The frequency of the radio waves used to communicate with an RFID tag determines its read range. A lower frequency (LF or HF) has longer wavelengths and offers shorter read distances while a higher frequency (UHF or RAIN RFID) uses shorter, high-energy wavelengths that provide greater read ranges. The higher frequencies HF RFID Tag are also more sensitive to materials such as metals and liquids that disrupt the signal1.

Active HF RFID tags have their own internal power source, typically batteries, to send information-carrying signals. They’re often used in real-time location tracking systems to locate objects, such as wheelchairs at a hospital or large containers on a shipping dock. These tags are typically more expensive than passive RFID tags, starting around $25 apiece and climbing to $100 per tag.

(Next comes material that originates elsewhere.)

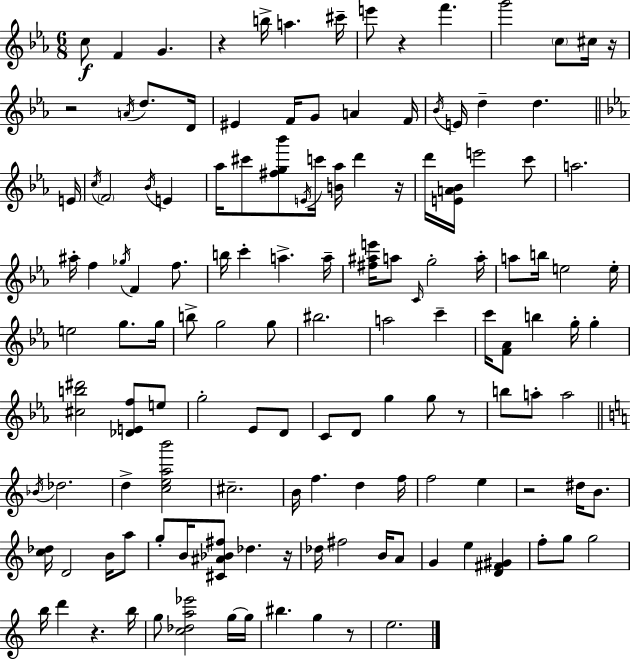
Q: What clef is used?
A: treble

There are two main types of active HF RFID tags: transponders and beacons. Transponders are “awaken” when a reader signals them, and then they transmit a signal with their stored data. Because they don’t emit any signals at other times, these tags conserve battery life.

Beacons, on the other hand, emit a signal at regular intervals to continuously broadcast their location. They’re most often used in real-time locating systems to track large objects such as wagons, containers or products that need to be controlled over long periods of time. These tags require more expensive reader antennas to maintain adequate coverage, but they do offer the advantage of continual data transmission that can help with a system’s performance monitoring.